OmarNominated for an Academy Award, Hany Abu-Assad’s compelling drama Omar comes to the UK with a bonafide seal of approval – and it’s irrefutably deserving of such recognition. As you can probably imagine from the conspicuous title, this is a captivating, profound character study, where the audience are able to embody the fascinating, eponymous lead.

Adam Bakri takes on the role of Omar, an impassioned, Palestinian freedom fighter who is imprisoned for his part in the shooting of an Israeli soldier, taking the heat off his two accomplices, and close friends, Amjad (Samer Bisharat) and Tarek (Iyad Hoorani). When tricked into an admission of guilt, he has little option but to become an informant for the enemy, putting not only his own life in jeopardy, but also that of his girlfriend, Nadia (Leem Lubany).

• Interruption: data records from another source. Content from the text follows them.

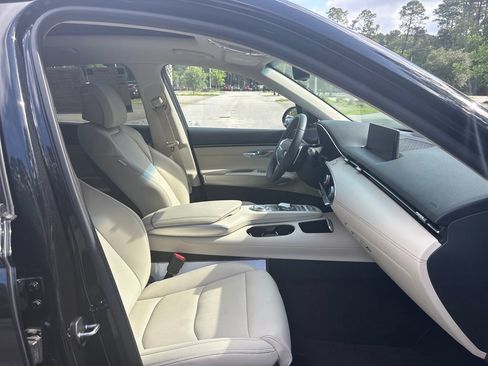 Used 2023 Genesis GV70 2.5T w/ Select Package AWD/4WD image 32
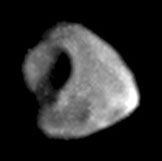 Thebe am 3. Januar 2000, aufgenommen durch Galileo aus einer Entfernung von 192.700 Kilometern. Gut zu sehen ist hier der verhältnismäßig große Krater Zethus links im Bild.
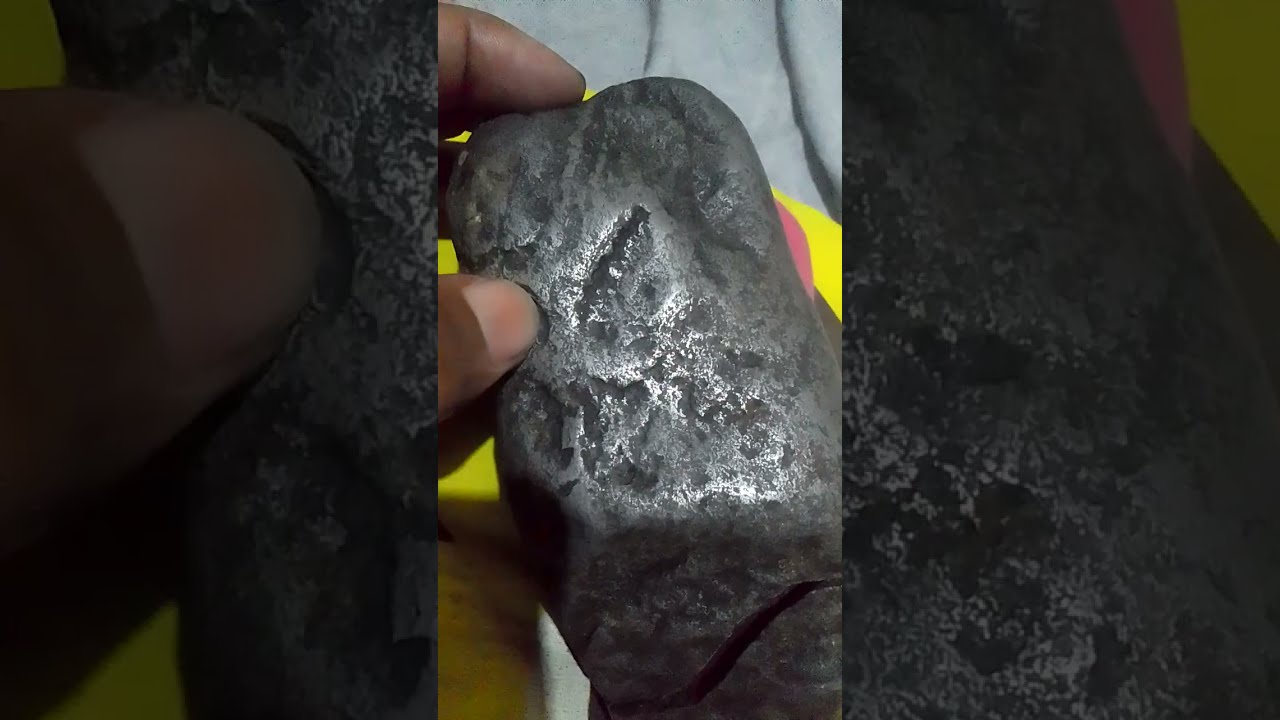 YOUTUBE VIRAL TODAY IRON METEORITE  OBSERVE ITS TEXTURE, DENSITY AND WEIGHT..#collection #experiment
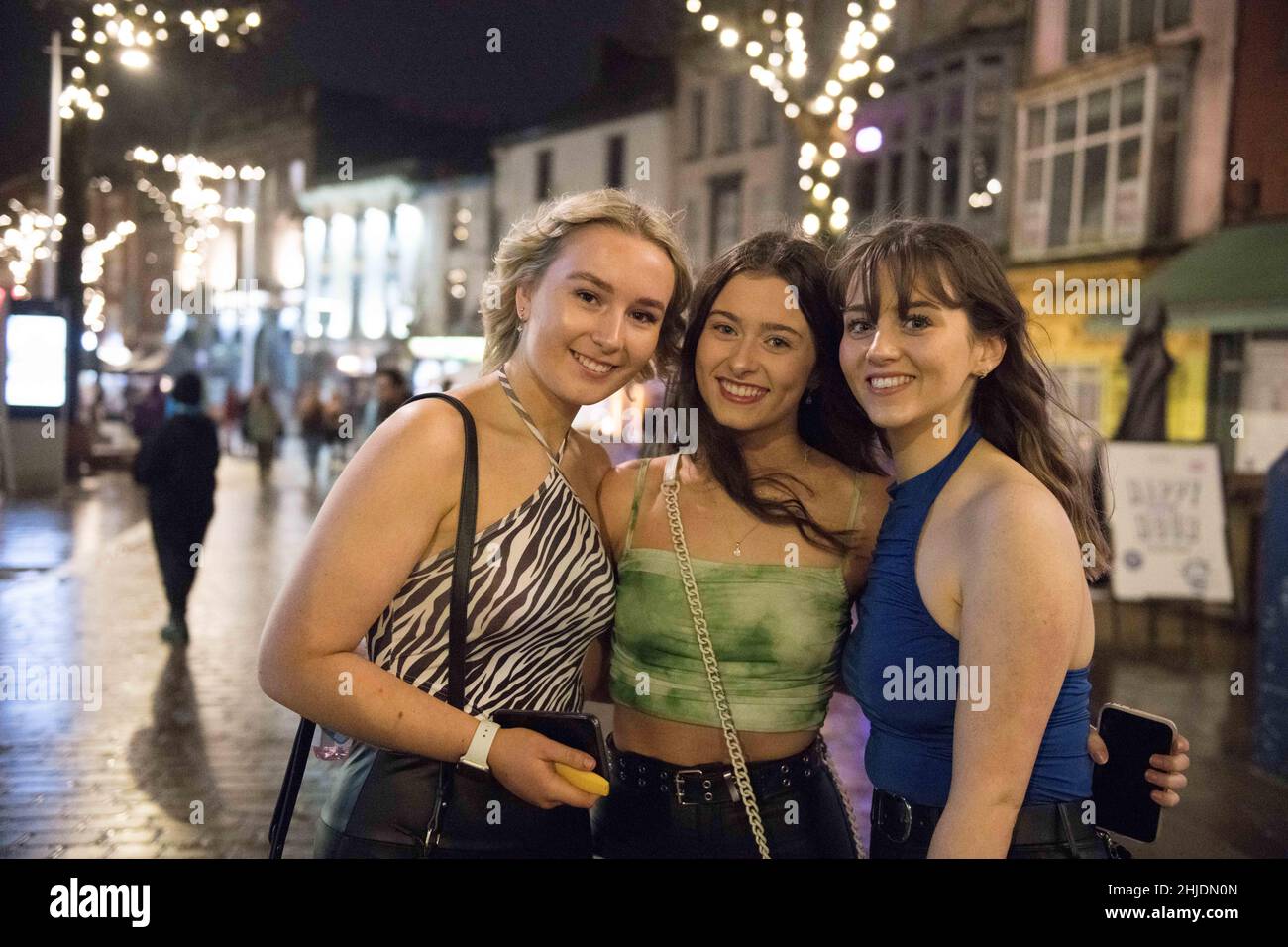 Un groupe de filles sur la rue Wind de Swansea lors d'une nuit dehors comme les restrictions du coronavirus dans les pubs et les clubs à travers le pays de Galles sont relaxés. Banque D'Images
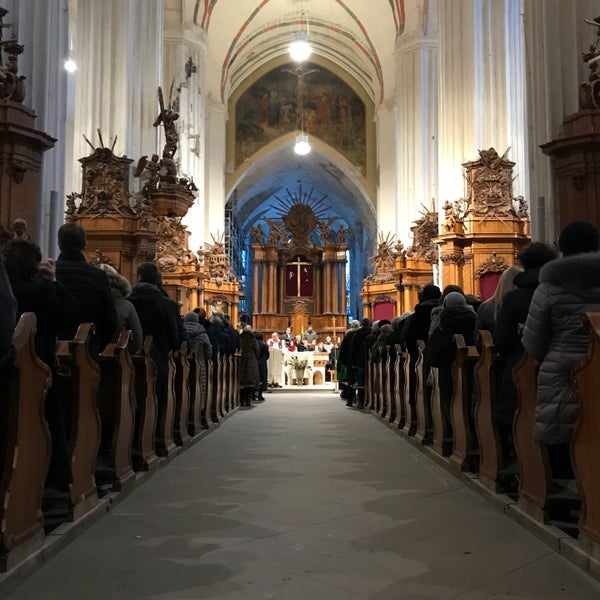 Das Foto wurde bei Šv. Pranciškaus Asyžiečio (Bernardinų) bažnyčia von Anton M. am 2/18/2018 aufgenommen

Within a mere matter of moments, both Marlon Brandon and Brad Pitt are referenced, and it’s these pop culture mentions and general banter amongst our protagonists, which instantly forms a bond between them and the viewer, placing ourselves in an otherwise unfamiliar setting and therefore allowing us to relate to the characters at hand, ultimately enhancing the impact of the moments we can’t comprehend nearly as much. Even the ‘villains’ of the piece reference Spider-Man.

The romantic narrative also helps in this regard, grounding the tale somewhat, as we explore more intimate, human emotions amidst the monumental war zone. It’s wonderfully portrayed too, never overstated for cinematic effect and always subtle, as they barely even kiss. It’s more naturalistic this way, and it’s a notion Abu-Assad abides by throughout, as he presents such huge, dramatic events almost flippantly, as life-altering occurrences happen with little prior warning. This is reflective of real-life, there’s no cinematic build up, it just happens. This accomplished filmmaker cleverly shifts between the mundane and the emphatic, as we see Omar and his friends having a coffee and discussing monkeys in the jungle, to suddenly being chased by undercover agents and running for their lives.

The shifting of tones is one utilised effectively throughout, though as the picture progresses it becomes increasingly more tense, as you realise you never quite know who to trust. Omar is our entry point and vessel into this world, and yet he’s as confused as we are, paranoid about who he can confide in. He remains a beguiling lead, and so endearingly brazen-faced, with an initial insouciance that normalises the world the audience inhabit. He’s thrown into chaotic, volatile circumstances and yet responds so nonchalantly, climbing over the looming separation wall like we casually jump over fences – except the consequence for his actions are a few bullets aimed in his direction.

Unlike the recent French thriller The Informant – which picks up on similar themes, Abu-Assad brings raw, human emotions into the situation, adding a poignancy to this engrossing piece of cinema. Apparently, the director wrote this screenplay in just four days. Makes you wonder what he could achieve in a week.